Interview François-Xavier Husser > Directeur du département Nouveaux Médias de Médiamétrie « 2006 sera l'année de l'aggrégation des contenus »
Vous venez d'annoncer l'avènement du Web 2.0. De quoi s'agit-il ?
On rentre à nouveau dans une bulle. Mais cette fois-ci, les fondamentaux sont bons. Plus sérieusement, le Web 2.0, c'est la deuxième révolution d'Internet. Celle où l'internaute, grâce à une conjonction de technologies, devient acteur de la production des contenus en ligne. Il est, de fait, contributeur de ce qu'il consomme sur ce média.

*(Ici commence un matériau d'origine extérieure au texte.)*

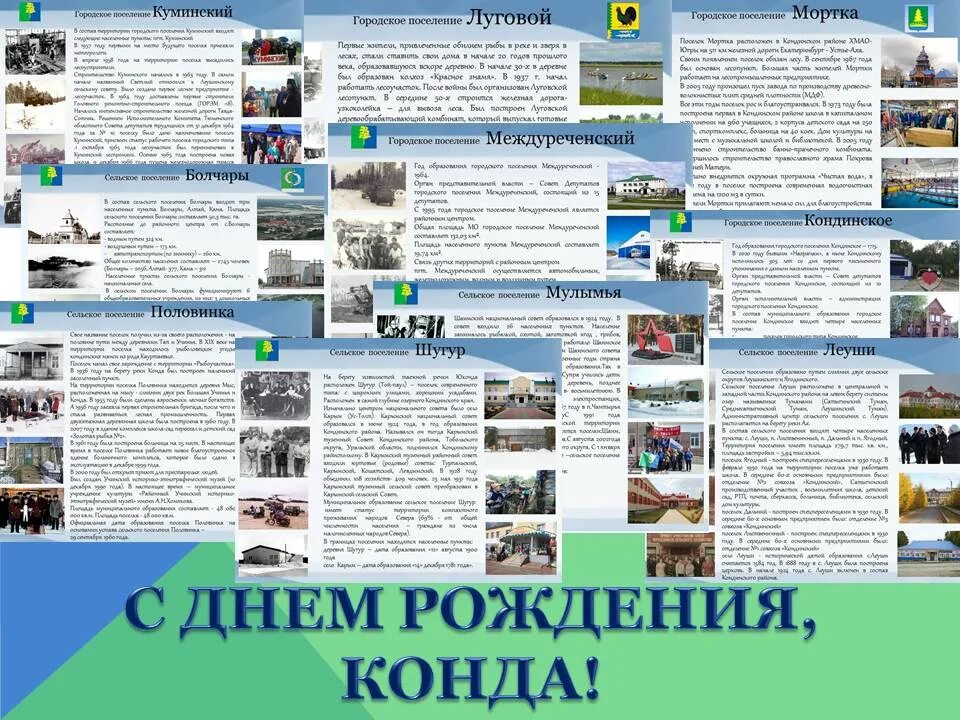 рп5 междуреченский кондинский хмао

Comment avez-vous perçu ce basculement vers le 2.0 ?
Il n'y a qu'à regarder la plus forte progression de l'année : celle de Wikipedia, une encyclopédie en ligne un peu particulière puisqu'elle s'enrichit des connaissances des utilisateurs. Nous sommes passés d'une époque où l'on comptabilisait l'internaute en fonction de la page vue à une ère où la page est sans cesse réassemblée par l'internaute qui la consulte.
Ces réassemblages ne vont-ils pas compliquer la mesure du média ? Du coup, que doit-on mesurer et pour quoi faire ?
La mesure doit suivre le mode de consommation média du public et nous, nous nous sommes adaptés à ce nouveau contexte. En renforçant nos panels : celui des internautes au travail est passé de 600 à 1 400 utilisateurs, tandis que le panel au domicile atteint 6 500 internautes. En avril, nous lancerons un nouvel outil de mesure qui combine site centric et panel, ainsi qu'un nouvel outil de médiaplanning basé sur des fichiers plus performants, basés sur un nouveau découpage des cibles sociodémographiques. Il y en a 200 au total.
Qu'est-ce qui, à votre avis, marquera l'année 2006 ?
Jusqu'en 2005, il a fallu pousser les services en ligne mais, à présent, nous allons assister à la montée en puissance des usages collaboratifs qui va entraîner celle des contenus. 2006 sera l'année de l'agrégation de ces contenus, et c'est l'étape qui précède l'ère de la convergence des médias. Tout cela étant impulsé par les technologies de flux RSS, de streaming audio et vidéo, les podcasts, etc. Nos clients nous demandent déjà de mesurer ces flux et, d'ici deux mois, nous en livrerons les premiers classements, à commencer par les blogs.